YOUR OBJECTIVE
Look for the line that has "Mossimo Strappy Bikini Top - Picture 2 of 8" in the material below; please repeat it and every line after it, exactly, up to and including the line that has "islamiiisozlerr's tweet photo.", and nothing else.

INPUT MATERIAL
-----

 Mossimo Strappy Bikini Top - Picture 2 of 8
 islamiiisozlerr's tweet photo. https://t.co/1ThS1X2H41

-----

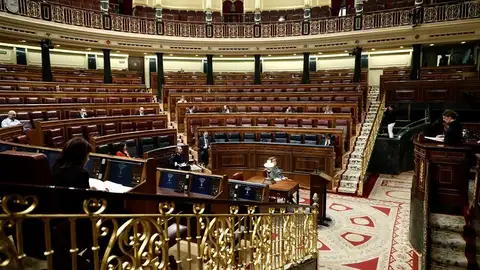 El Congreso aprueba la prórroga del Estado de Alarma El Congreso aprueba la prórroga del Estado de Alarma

-----

SOLUTION
 Mossimo Strappy Bikini Top - Picture 2 of 8
 islamiiisozlerr's tweet photo. https://t.co/1ThS1X2H41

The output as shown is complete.